Devido ao atual processo de envelhecimento, a população brasileira deveria ter uma taxa de poupança maior, afirma o economista da FGV, Samuel Pessoa. Mas as famílias economizavam apenas 7,6% da sua renda bruta em 2006, dado mais recente do IBGE.
O percentual é bem menor do que o de outros países de mesmo perfil demográfico (na China e na Índia, a taxa supera 30%) e inferior até mesmo à média da União Europeia (11% em 2006), onde jovens já são minoria. “Na velhice, o rendimento diminui e gastos com saúde aumentam. Os jovens precisam economizar para esse momento”, explica.
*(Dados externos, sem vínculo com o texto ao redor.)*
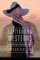 Captivating Westerns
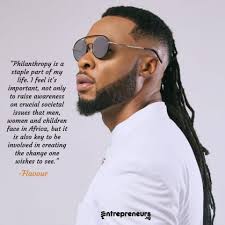 Find best downloads for your mobile. Flavour N Bania Biography Of A Multitalented Nigerian Singer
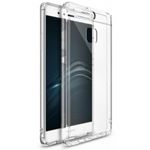 ringke-husa-eco-fusion-folie-pentru-huawei-p9--crystal-view--53563-421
Por insistência da mãe, o ator e dublador Felipe Grinnan fez um plano de previdência privada há um ano. Mas investe apenas R$ 200, menos de 4% da sua renda média mensal de R$ 6 mil. Na prática, ele não consegue economizar e está sempre devendo no cheque especial e no cartão. O dinheiro vai principalmente para viagens e a coleção de DVDs. “Quando estou devendo muito, trabalho mais, até em feriado, fim de semana. Mesmo assim nunca pago a fatura inteira do cartão. Não consigo cortar gastos”, contou.
A taxa de poupança do Brasil, que indica a quantidade de recursos disponíveis para financiar os investimentos do país, está hoje em 18%, uma das mais baixas entre países emergentes. Quem mais contribui para o resultado é o governo, cuja poupança é negativa.